REQUIRED ACTION
Repeat the records below exactly, from the first line through the line containing "Nvorliy Knee Brace", and leave out any pictures.

Segment Start: DATA SUPPLIED

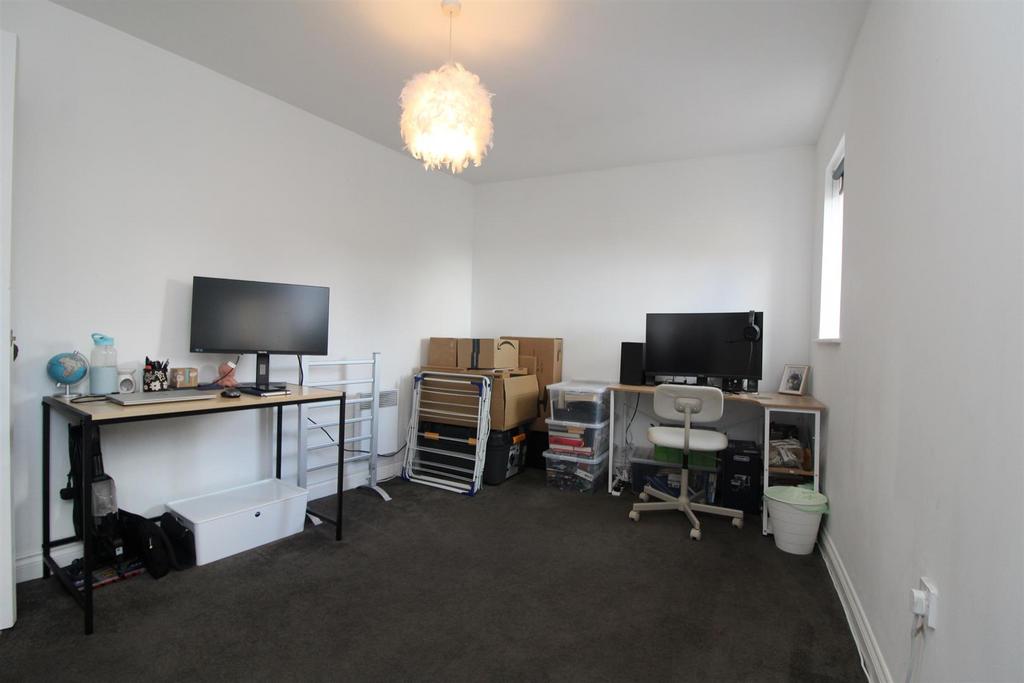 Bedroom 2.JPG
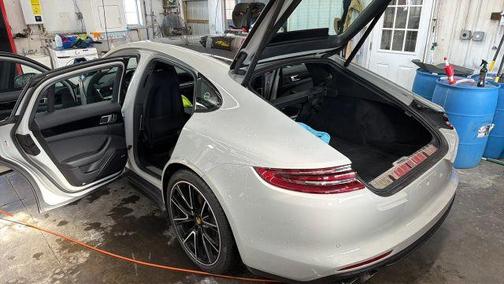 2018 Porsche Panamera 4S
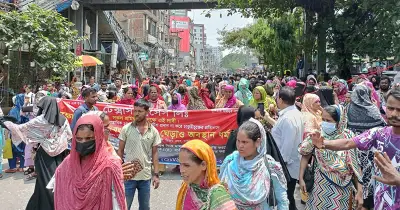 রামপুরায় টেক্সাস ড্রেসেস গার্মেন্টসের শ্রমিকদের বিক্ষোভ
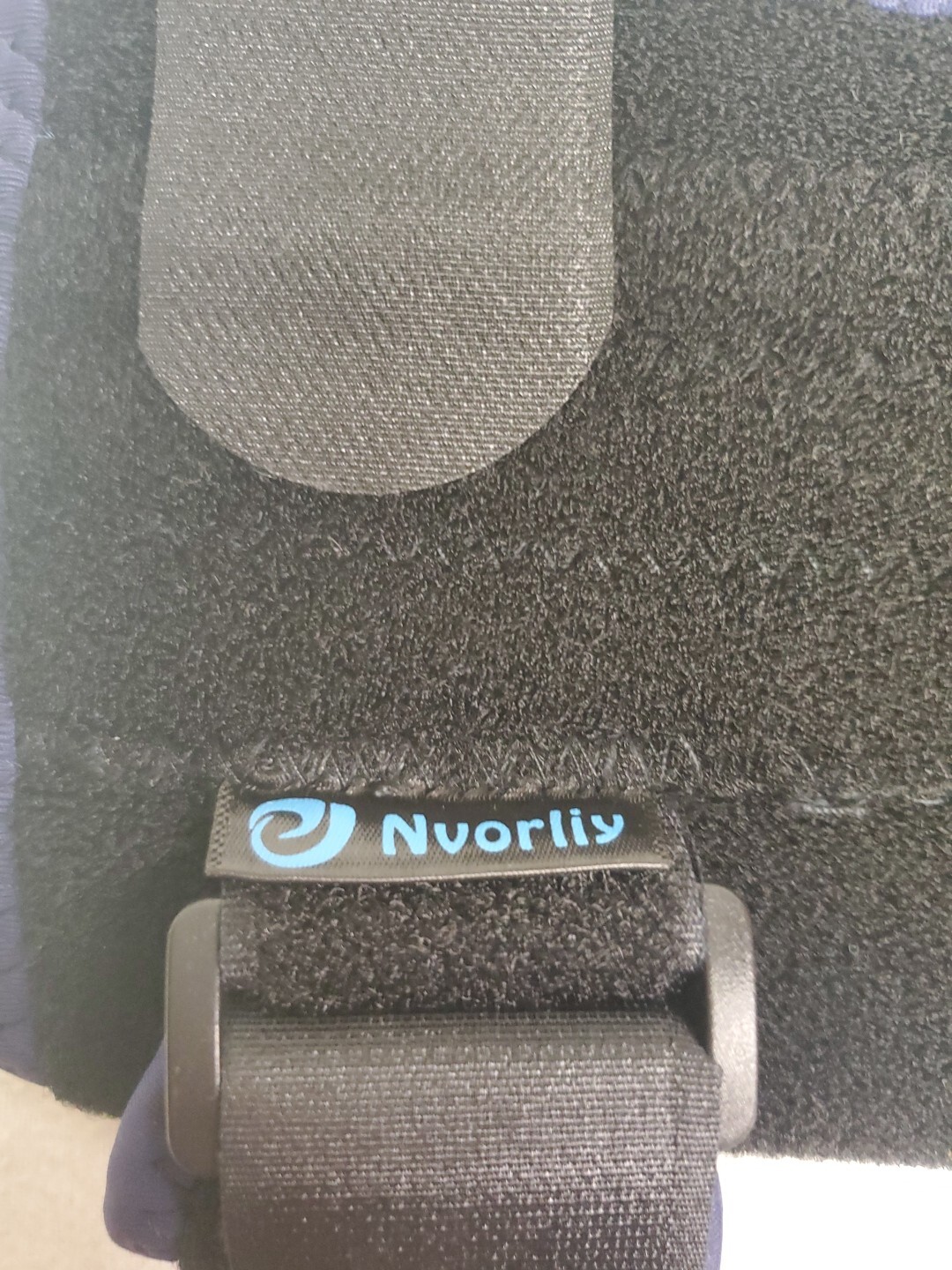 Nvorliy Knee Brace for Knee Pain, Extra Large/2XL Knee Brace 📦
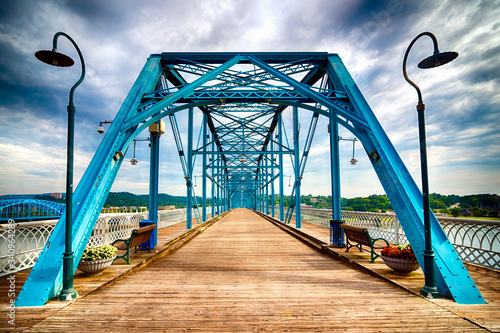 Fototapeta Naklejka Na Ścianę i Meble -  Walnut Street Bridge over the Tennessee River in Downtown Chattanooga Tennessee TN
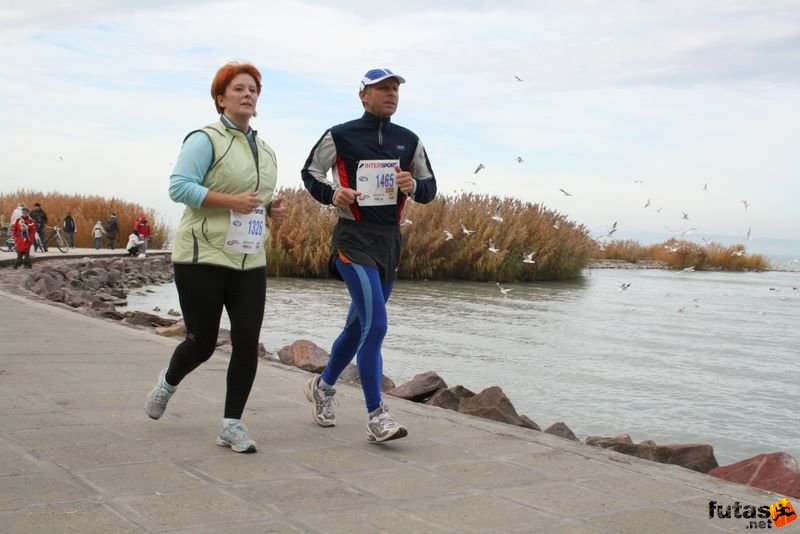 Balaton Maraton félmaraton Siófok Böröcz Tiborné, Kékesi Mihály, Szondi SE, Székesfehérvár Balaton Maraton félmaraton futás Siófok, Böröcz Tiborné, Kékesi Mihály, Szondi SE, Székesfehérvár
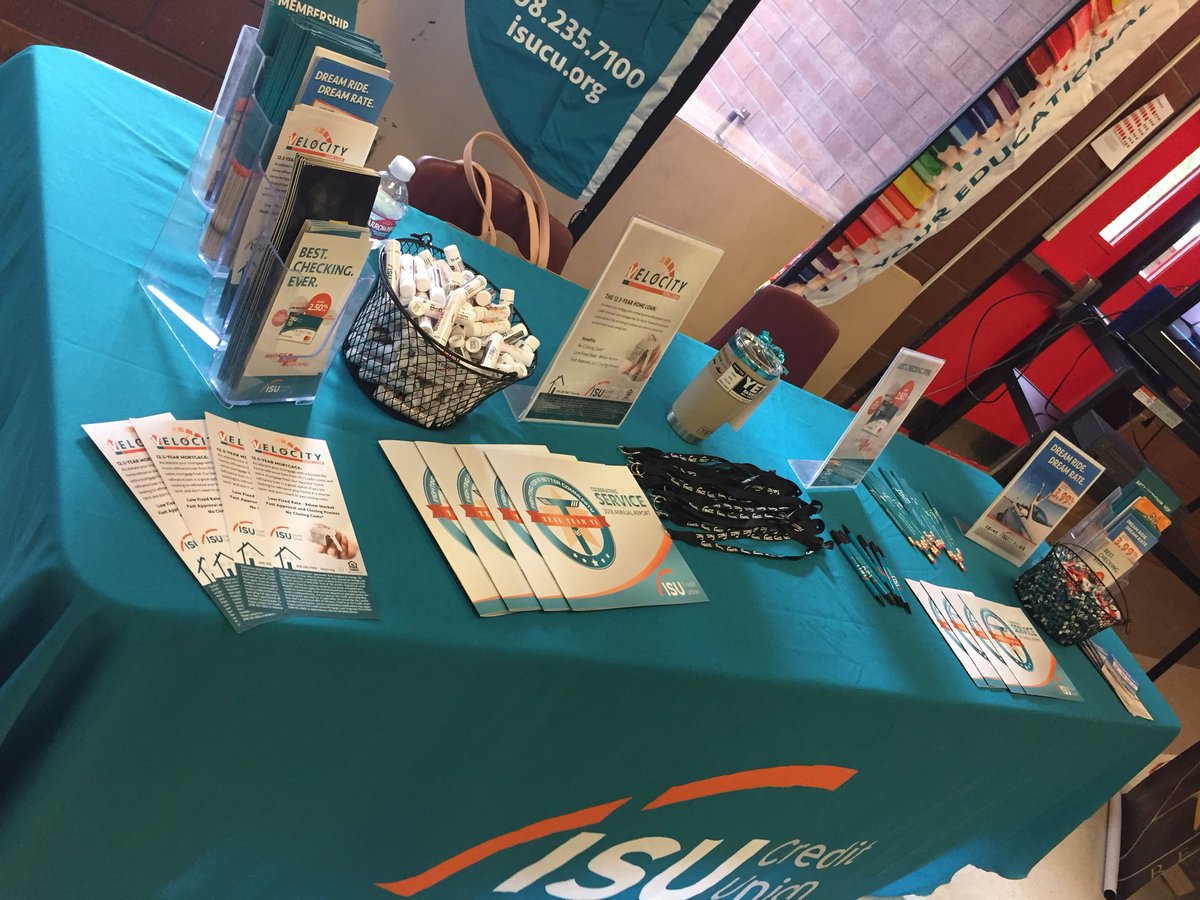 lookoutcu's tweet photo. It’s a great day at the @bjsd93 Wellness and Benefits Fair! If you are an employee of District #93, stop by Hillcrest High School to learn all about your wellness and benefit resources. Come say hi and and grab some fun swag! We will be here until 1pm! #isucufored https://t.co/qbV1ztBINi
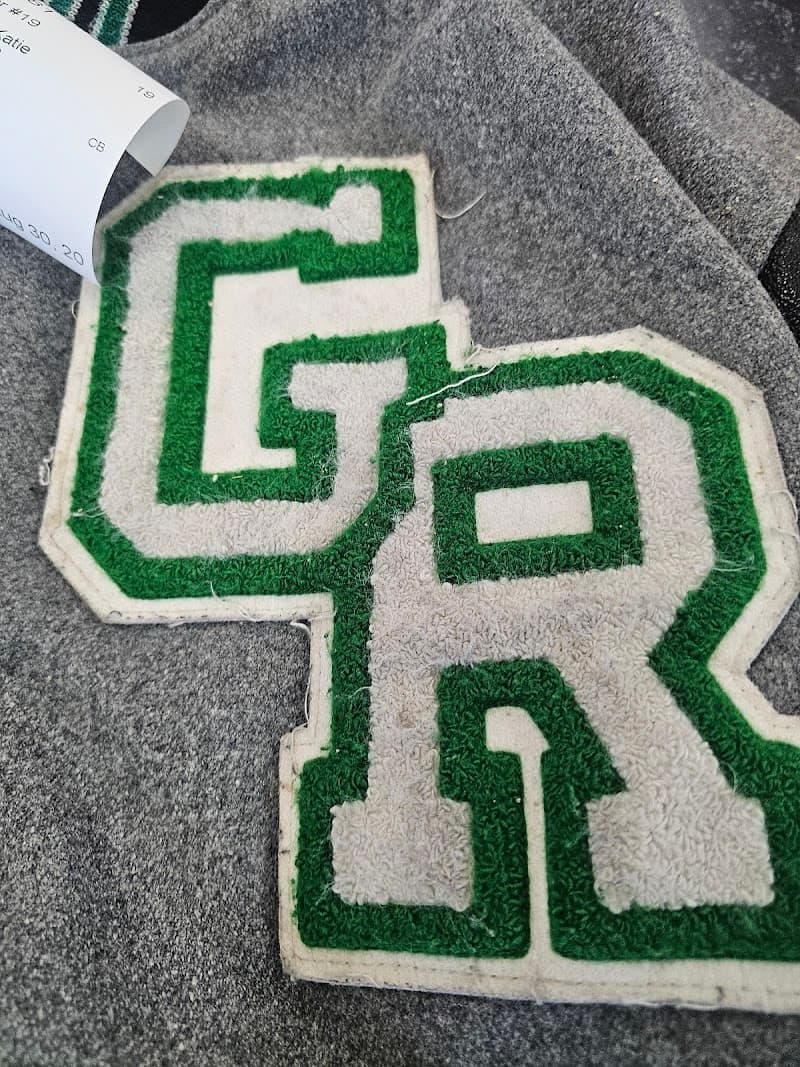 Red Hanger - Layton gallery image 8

Segment End: DATA SUPPLIED

ANSWER TO THIS EXERCISE
 Bedroom 2.JPG
 2018 Porsche Panamera 4S
 রামপুরায় টেক্সাস ড্রেসেস গার্মেন্টসের শ্রমিকদের বিক্ষোভ
 Nvorliy Knee Brace for Knee Pain, Extra Large/2XL Knee Brace 📦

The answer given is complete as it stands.